I am trying to generate a dummy variable that = 1 if at least two or more (out of seven) dummy variables also == 1. Could anybody tell me an efficient way of doing this?


Solution

  • Let's suppose that the indicator variables concerned (you say "dummy variables", but that's a terminology over-used given its disadvantages) are x1 ... x7. From that definition it is taken that their values are 1 or 0, except that values may also be missing. Then the logic for the summary you want is

    gen xs = (x1 + x2 + x3 + x4 + x5 + x6 + x7) >= 2 if (x1 + x2 + x3 + x4 + x5 + x6 + x7) < . 
    

    That's not too difficult to type, given copy and paste to replicate the syntax for the sum. The if qualifier segregates any observations with missing on any of the indicators, for which missing will be returned for the new variable. Such observations will be reported as having a total x1 + x2 + x3 + x4 + x5 + x6 + x7 that is missing.

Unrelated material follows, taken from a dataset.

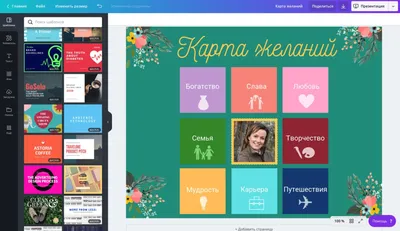 Создайте карту желаний онлайн бесплатно с помощью конструктора Canva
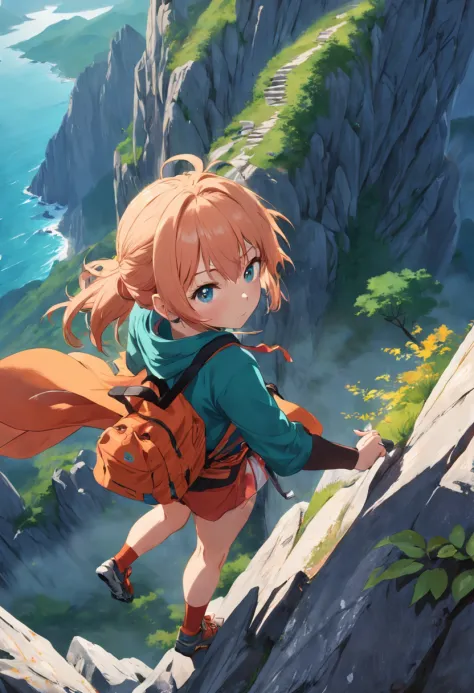 masterpiece), a cute girl climbing a mountain, mountaineering , (high angle),  adrenaline - SeaArt AI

Missing is treated as arbitrarily large in Stata, and certainly as greater than 2, which explains why the simpler code

    gen xs = (x1 + x2 + x3 + x4 + x5 + x6 + x7) >= 2 
    

    would bite you if missings were present.

    If you want a more complicated rule, you may find yourself reaching for egen functions rowtotal(), rowmiss(), and so forth. See the help for egen.